Data protection board
The board appears to have limited dominion as a rule-making power. The power to define regulations and clarify modalities while implementing or interpreting the act has been solely vested with the central government.[29] The board can receive and investigate complaints by data principals against data fiduciaries and consent managers, levy penalties, and issue directions to remediate or mitigate data breaches. Significantly, data principals must exhaust remedies available under the grievance redressal mechanisms of the data fiduciary before approaching the board.[30]
Cross-border transfers
Transfer of PII to other countries is permitted to all countries unless specifically restricted by the central government; this approach diverges from other countries.[31] However, sector-specific regulations that provide for a higher degree of protection generally or in connection to the transfer of PII outside India would also be applicable and coexist with the act. As such, localization mandates prescribed by regulators (such as the Reserve Bank of India) for the financial sector would still be relevant.
PII breaches
Data fiduciaries are mandated to report PII breaches to the Data Protection Board and the data principal regardless of the materiality or impact, unlike the GDPR, which requires reporting based on risk thresholds.[32] This contrasting approach may lead to operational complexities in implementation and incremental costs to data fiduciaries, and the underlying benefits are unclear.
Penalties
Varying penalties (up to INR 2.5 billion/USD 30 million) for PII breaches and other noncompliance with the act may be levied by the board, and factors such as materiality, duration, and nature of the violations and mitigation measures are to be considered by the board while determining the penalty.[33] Notably, affected data principals are not eligible for compensation.
Exemptions
The act provides exemptions from substantially all provisions of the act for processing for the prevention, detection, investigation, or prosecution of offenses, among other processing purposes.[34] From the context of a private organization, almost all types of misconduct may be interpreted to constitute offenses under the law, and this exemption may be leveraged to justify superfluous and extensive processing. This approach would diverge from the act’s spirit. An alternate view is that this exemption would be limited to offenses where a specific duty or obligation has been cast upon a data fiduciary under law, thereby limiting the usage of this exemption. It is anticipated that subsequent directions or rules from the central government will clarify the nuances of this exemption. The central government can also exempt—based on the volume and nature of PII processed—data fiduciaries from certain obligations such as notice requirements or erasure of PII, and it is anticipated that start-ups and small businesses would fall under this exemption.

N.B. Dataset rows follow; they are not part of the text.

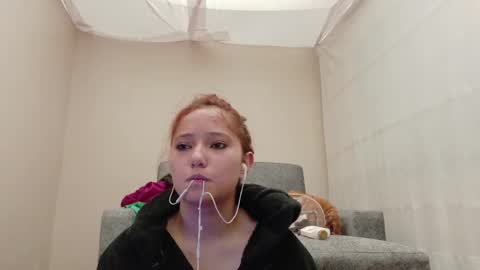 Snapshot of kitty__sin chatting on May 2026 04:07:01 AM kitty__sin online show from May 2026 04:07:01 AM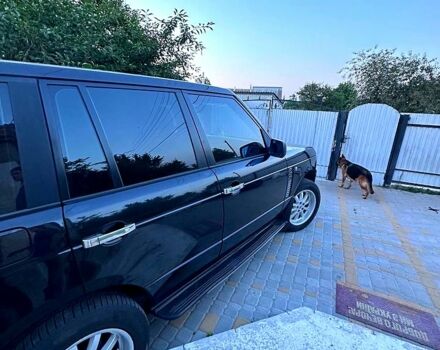 Черный Ленд Ровер Рендж Ровер, объемом двигателя 4.4 л и пробегом 450 тыс. км за 7500 $, фото 6 на Automoto.ua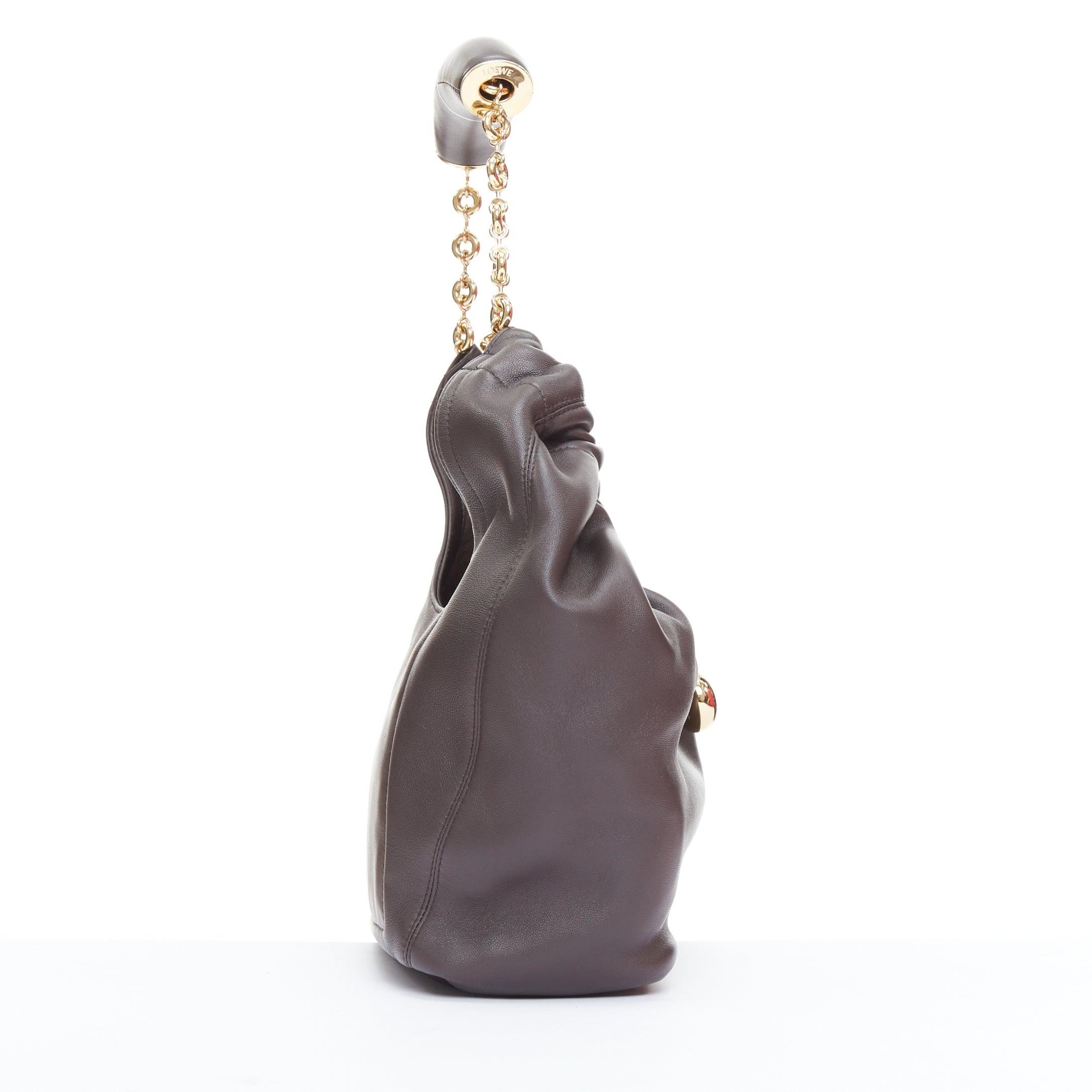 LOEWE Small Squeeze chocolate brown nappa lambskin gold chain hobo bag In Good Condition In Hong Kong, NT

Notified government entities are completely exempted if the processing is connected with security and public order. This exemption has been critiqued to an extent as it places such government entities on a different pedestal altogether; in the absence of checks and balances, privacy rights may be diminished. The act will also not apply for processing in connection with research, archiving, or statistical purposes if the PII is not used to make any decision specific to a data principal. Notably, this exemption will permit the training of AI models on personal data.